## To do:
Skip the pictures. Output only the lines below starting at the line with "Juego De 50" and ending at the line with "THE HUNTED 1974", both ends included, exactly as they are.

## Supplied entries:

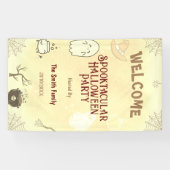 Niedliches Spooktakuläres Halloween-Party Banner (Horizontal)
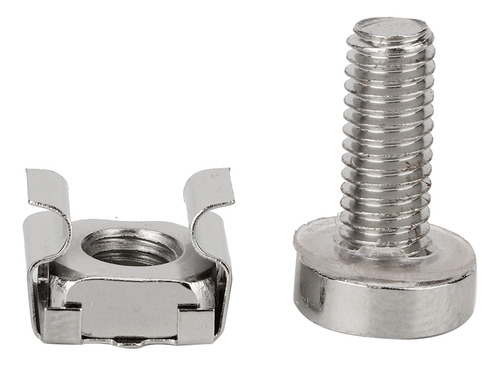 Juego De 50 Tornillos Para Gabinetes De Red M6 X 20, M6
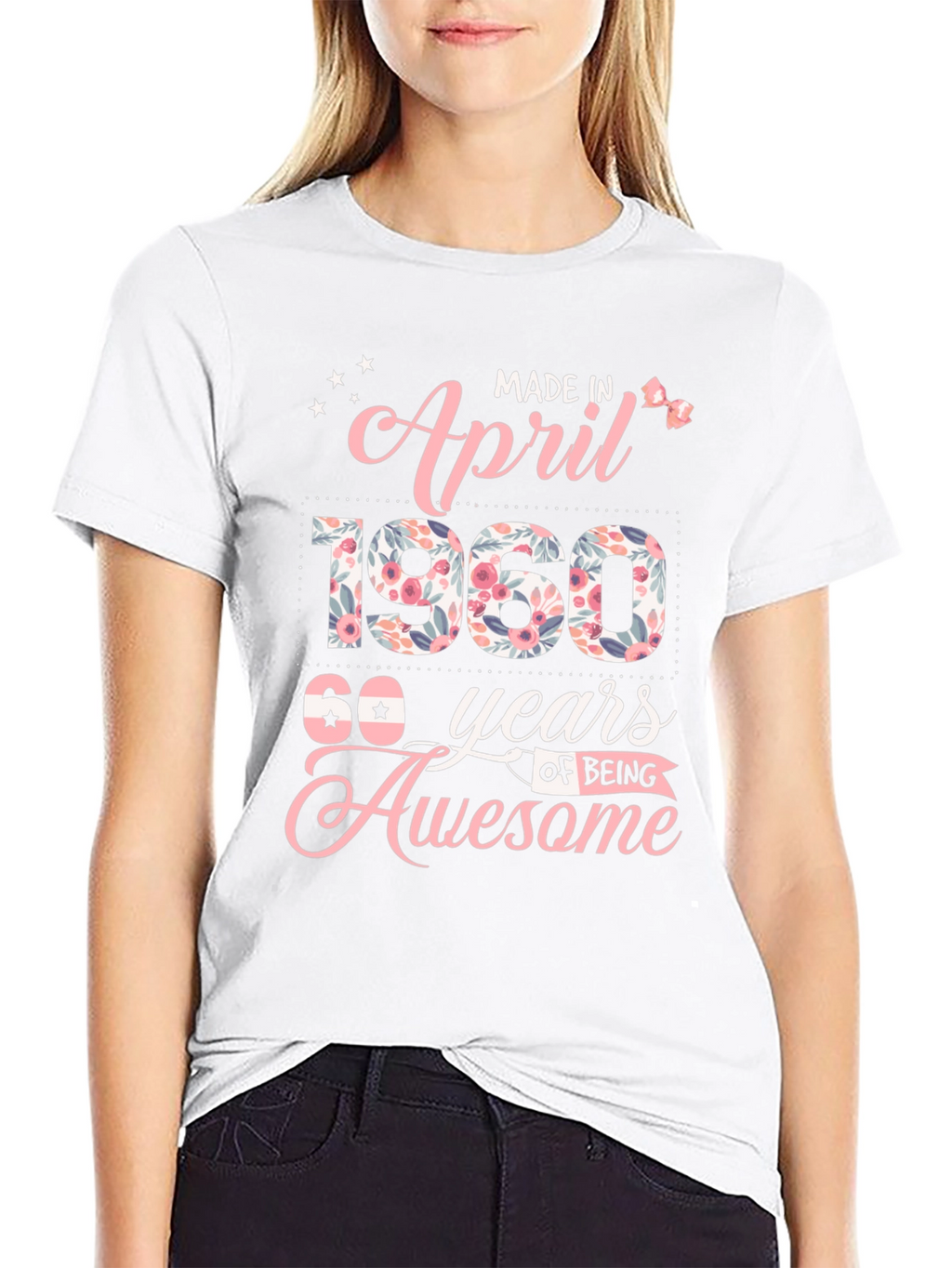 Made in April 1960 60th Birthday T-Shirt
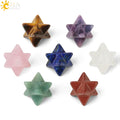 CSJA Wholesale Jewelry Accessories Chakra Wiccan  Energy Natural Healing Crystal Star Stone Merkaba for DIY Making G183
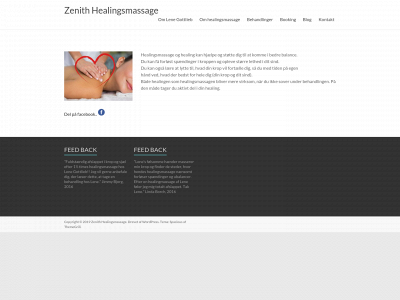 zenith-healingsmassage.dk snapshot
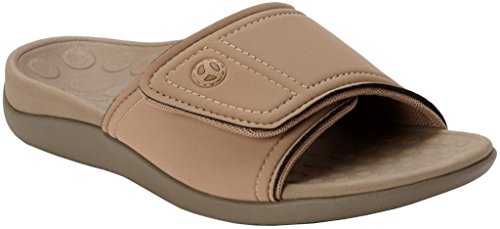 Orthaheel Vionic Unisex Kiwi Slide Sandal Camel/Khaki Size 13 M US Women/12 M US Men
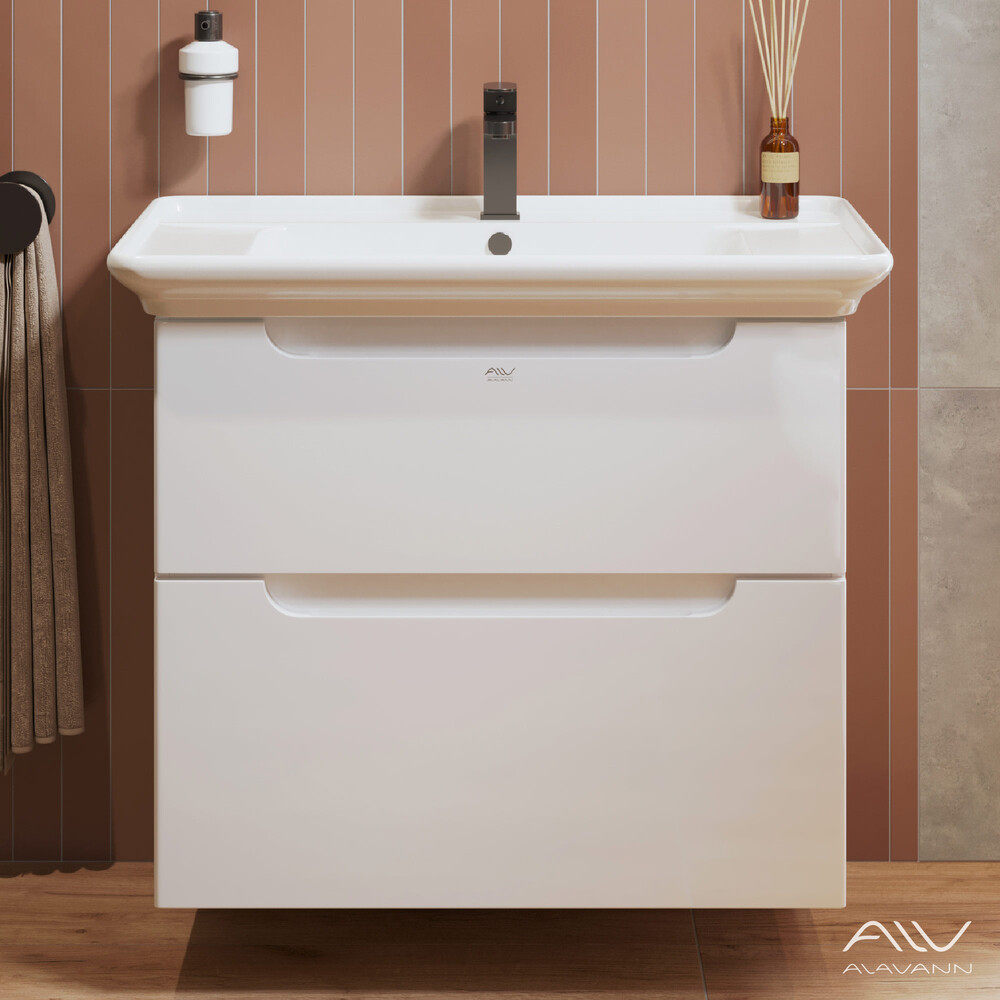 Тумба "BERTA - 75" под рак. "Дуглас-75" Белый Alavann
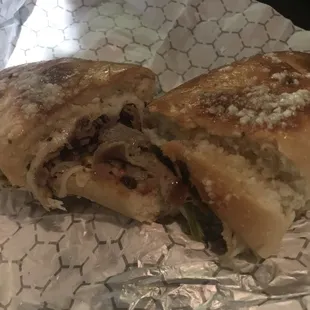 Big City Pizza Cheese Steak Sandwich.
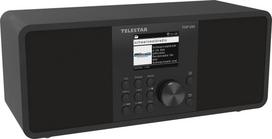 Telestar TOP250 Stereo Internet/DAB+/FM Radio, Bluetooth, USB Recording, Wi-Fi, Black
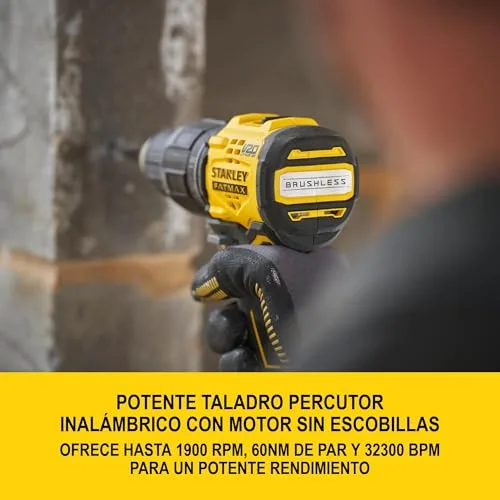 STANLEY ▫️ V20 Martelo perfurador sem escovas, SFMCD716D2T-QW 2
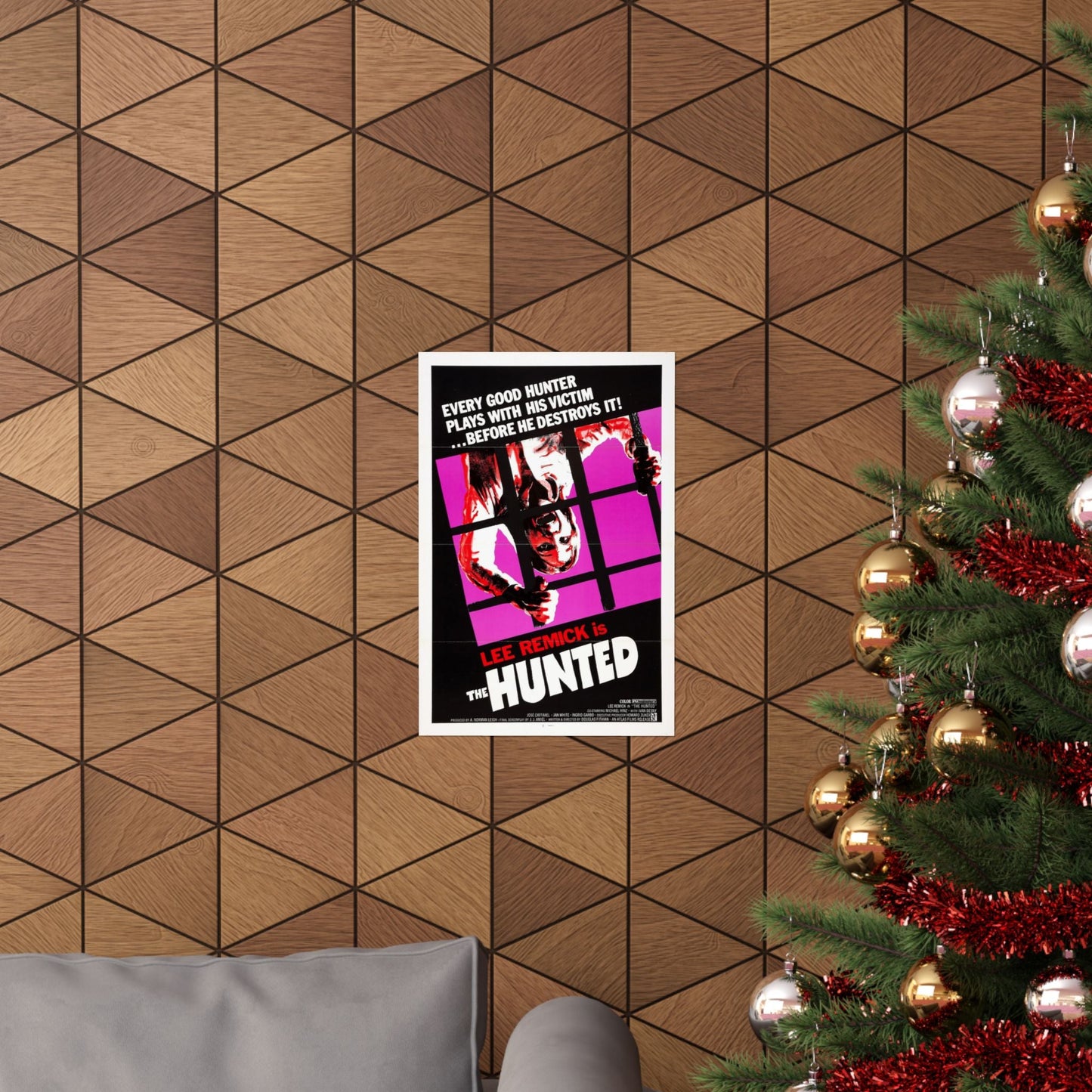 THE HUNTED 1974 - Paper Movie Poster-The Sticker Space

...

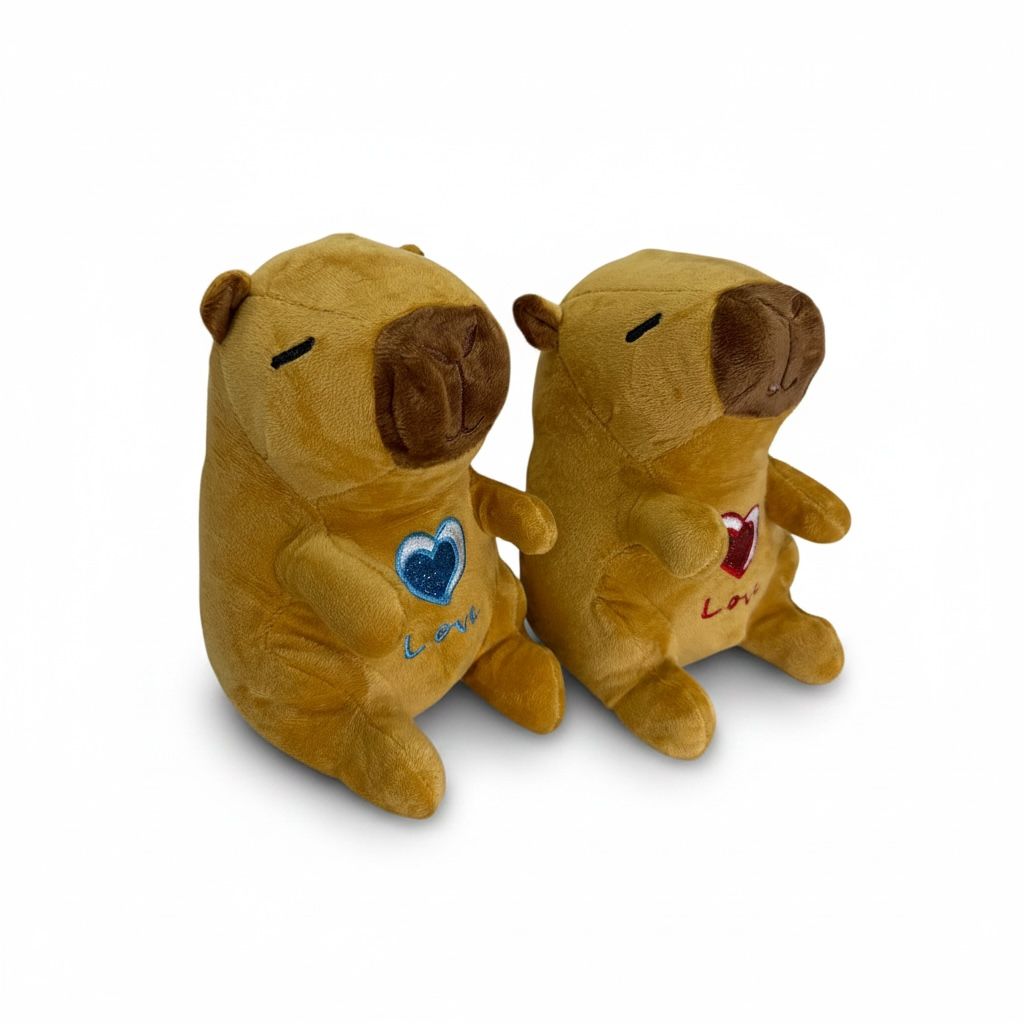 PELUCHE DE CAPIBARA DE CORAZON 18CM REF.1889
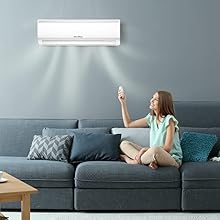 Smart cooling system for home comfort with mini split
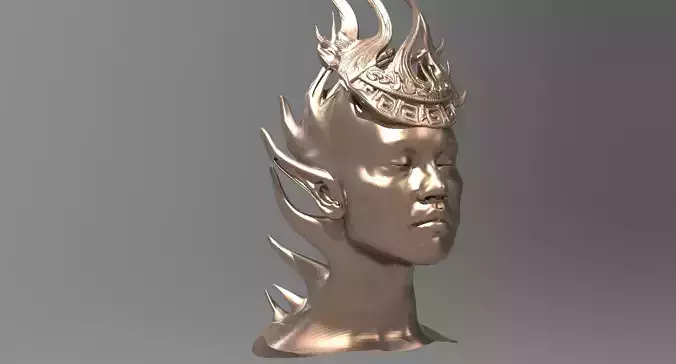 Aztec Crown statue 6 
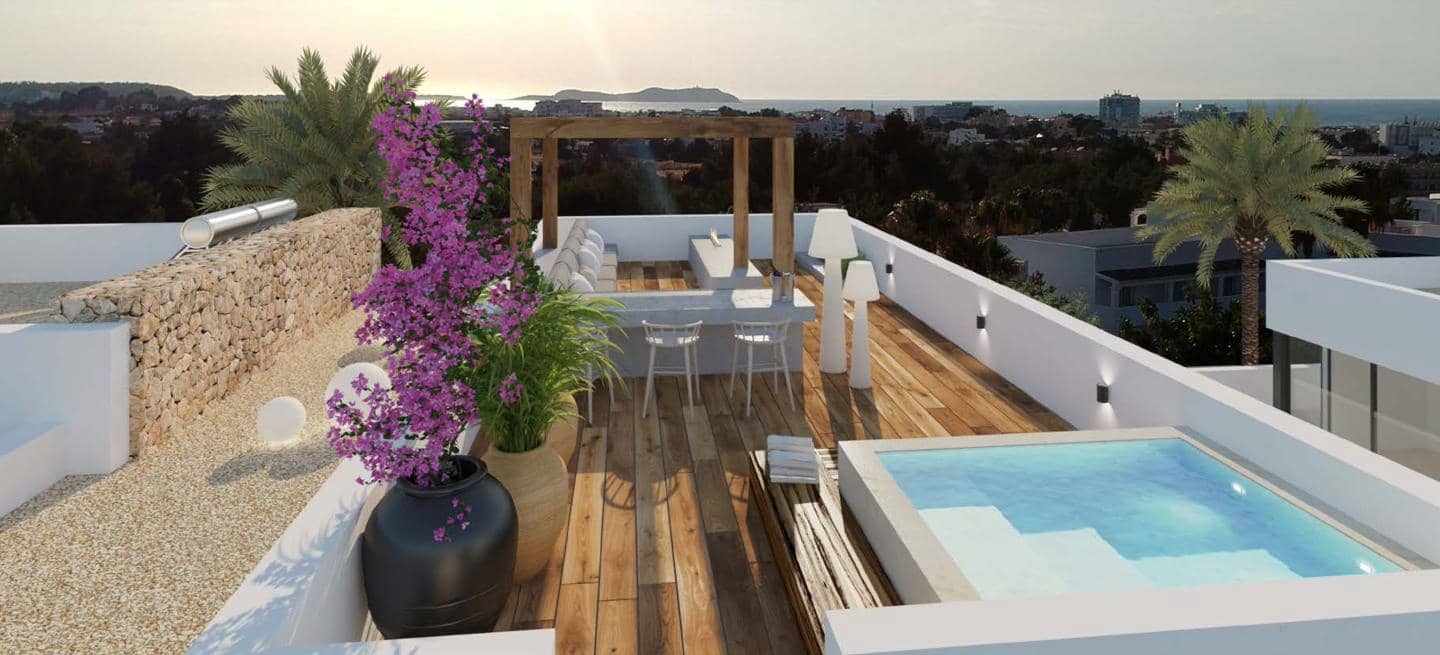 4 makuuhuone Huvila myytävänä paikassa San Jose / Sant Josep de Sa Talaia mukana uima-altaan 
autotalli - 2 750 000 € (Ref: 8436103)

...

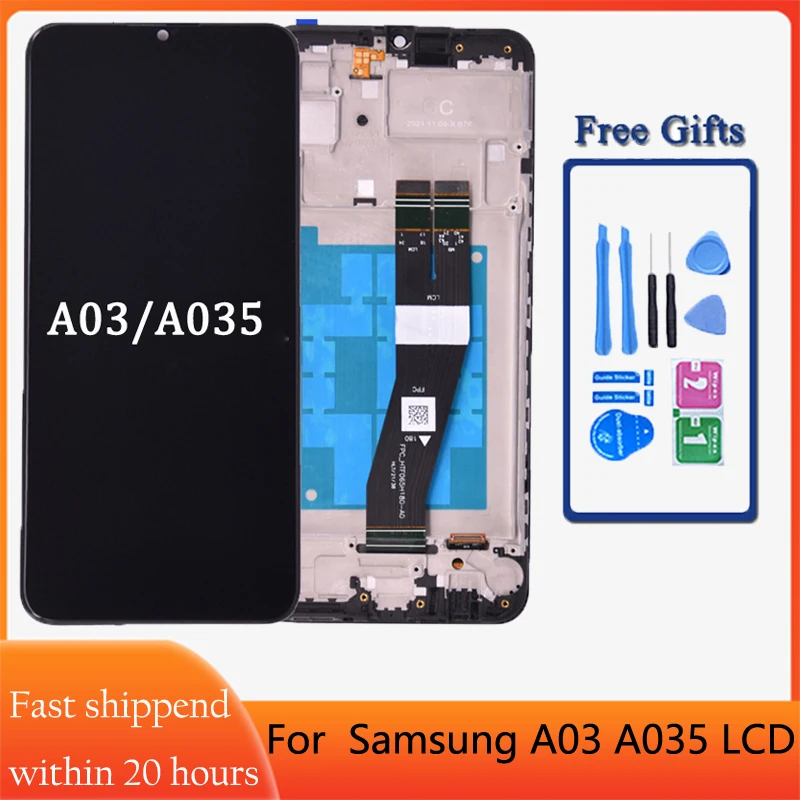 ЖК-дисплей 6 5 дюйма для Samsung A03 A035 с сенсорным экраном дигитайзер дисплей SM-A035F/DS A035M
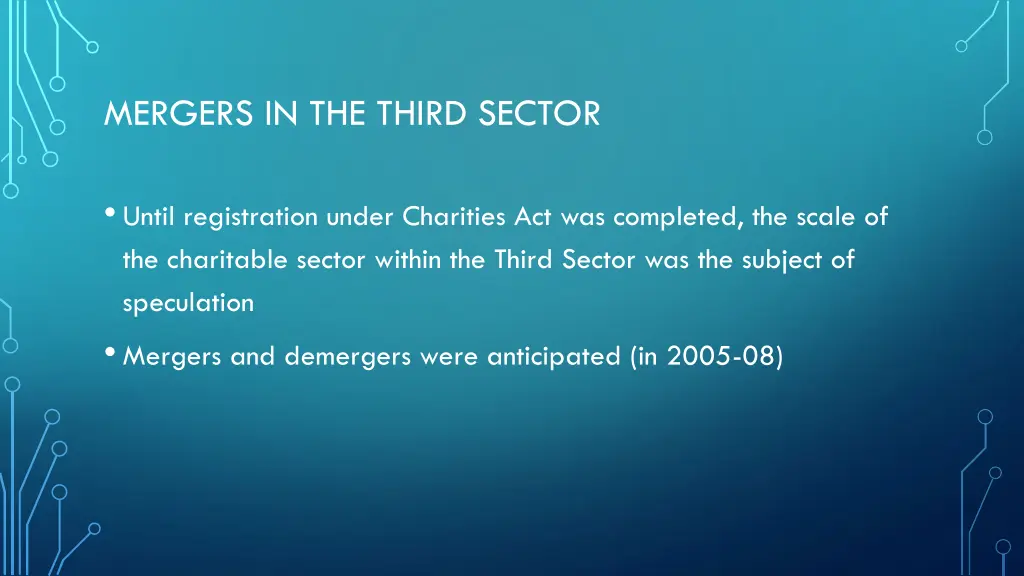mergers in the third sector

## Result below:
 Juego De 50 Tornillos Para Gabinetes De Red M6 X 20, M6
 Made in April 1960 60th Birthday T-Shirt
 CSJA Wholesale Jewelry Accessories Chakra Wiccan  Energy Natural Healing Crystal Star Stone Merkaba for DIY Making G183
 zenith-healingsmassage.dk snapshot
 Orthaheel Vionic Unisex Kiwi Slide Sandal Camel/Khaki Size 13 M US Women/12 M US Men
 Тумба "BERTA - 75" под рак. "Дуглас-75" Белый Alavann
 Big City Pizza Cheese Steak Sandwich.
 Telestar TOP250 Stereo Internet/DAB+/FM Radio, Bluetooth, USB Recording, Wi-Fi, Black
 STANLEY ▫️ V20 Martelo perfurador sem escovas, SFMCD716D2T-QW 2
 THE HUNTED 1974 - Paper Movie Poster-The Sticker Space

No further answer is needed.